In this study, we measured the porosity and permeability of all of the lithofacies (see Ramiro-Ramirez, 2022) in the Wolfcamp A and Wolfcamp B units of the Delaware Basin. We show that the major oil reservoir is the volumetrically dominant organic-rich siliceous mudstone lithofacies, which has a permeability on the order of 20 nd. We also demonstrate that dolomitized carbonate turbidites, which are volumetrically a small fraction of the reservoir, have permeabilities up to 2000 nd.

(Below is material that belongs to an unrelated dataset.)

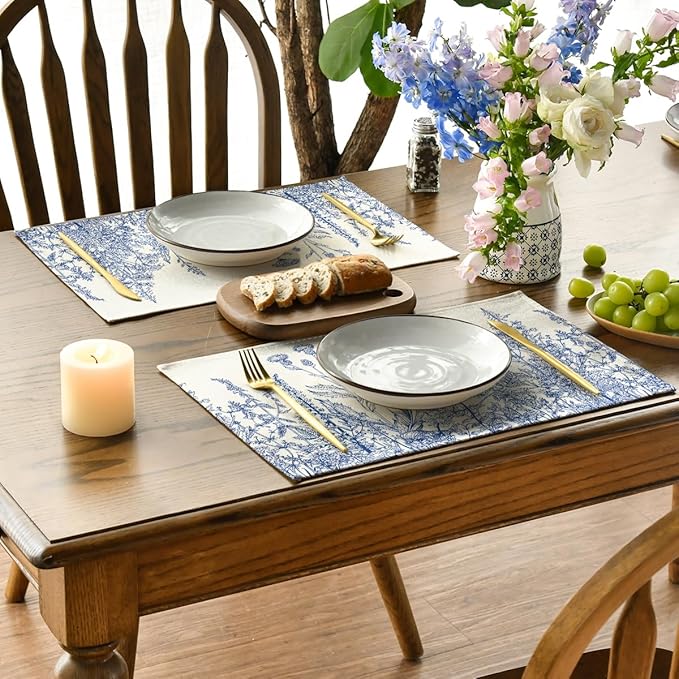 Artoid Mode Blue Antique Herbs and Wild Flowers Spring Placemats Set of 4, 12x18 Inch Seasonal Table Mats for Party Kitchen Dining Decoration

We present a flow model to illustrate how the high-permeability dolomitic turbidites accelerate the drainage of the organic-rich siliceous mudstone, resulting in a much higher upscaled permeability than would be required if these high-permeability layers were not considered. Our work illustrates why there has been more success in the Wolfcamp A, where high-permeability layers are more abundant, than in the Wolfcamp B. Nonetheless, there are intervals within the Wolfcamp B that may be significant economic targets. More broadly, our work emphasizes the critical importance of understanding stratigraphic heterogeneity and associated differences in permeability at the decimeter scale to predict reservoir performance and design completion programs in unconventional reservoirs.

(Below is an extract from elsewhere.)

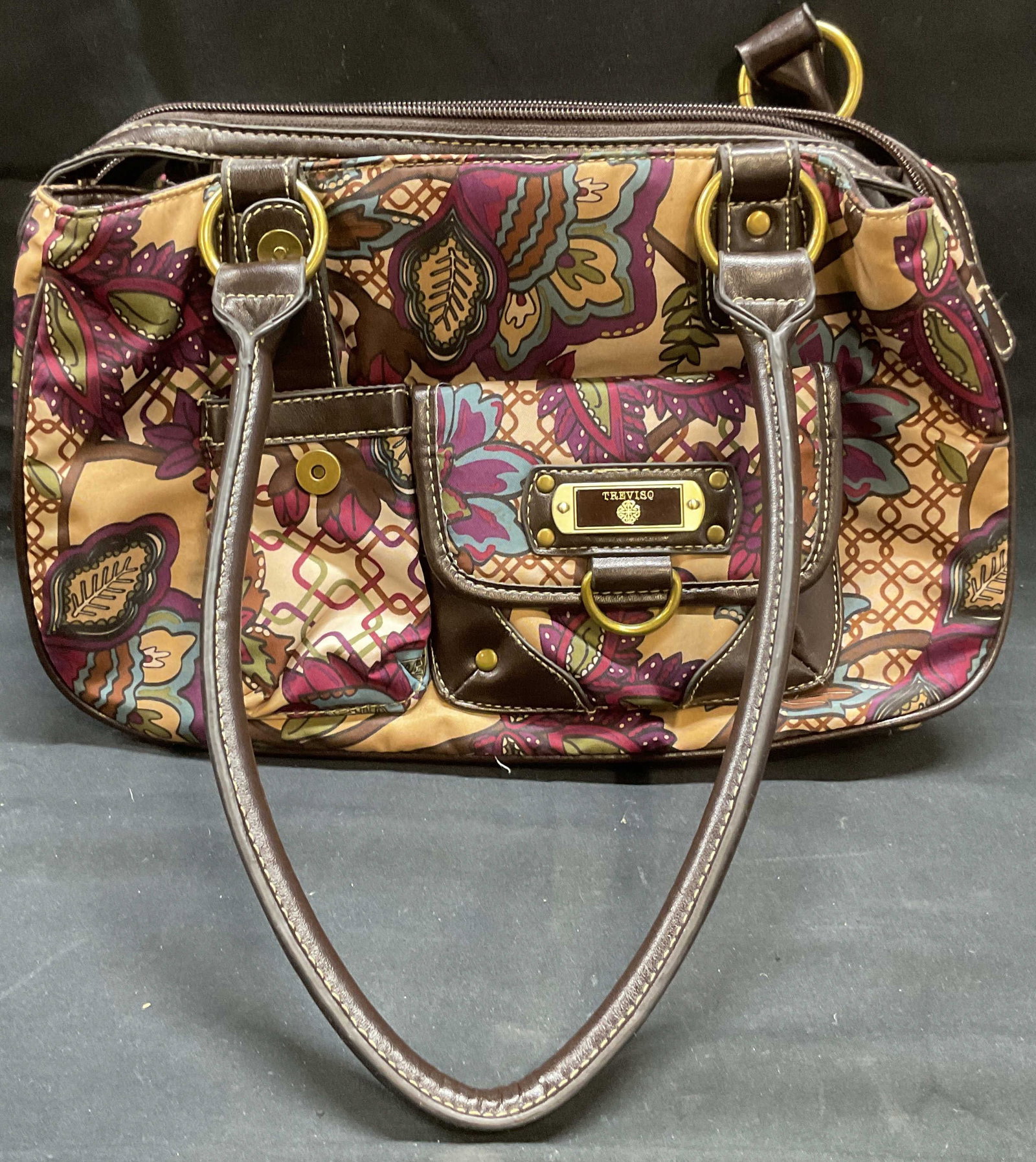 Treviso Purple Brown Floral Print Handbag (1 of 7)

We begin by describing the porosity and permeability in core plugs extracted from upper Wolfcamp lithofacies. Then, we interpret the lithofacies control on permeability based on petrographic and petrophysical analyses of the pore system in the tested samples. Lastly, we perform flow simulations in a layered reservoir model and discuss the impact of the permeability heterogeneity on the upscaled permeabilities in the upper Wolfcamp interval.

In our study area (Figure 1), Ramiro-Ramirez (2022) defined six lithofacies in the upper Wolfcamp interval and interpreted their depositional environment (Table 1). He studied the Wolfcamp B (upper Wolfcampian) and the overlying Wolfcamp A (lower Leonardian) units (Figure 2). We summarize those results below.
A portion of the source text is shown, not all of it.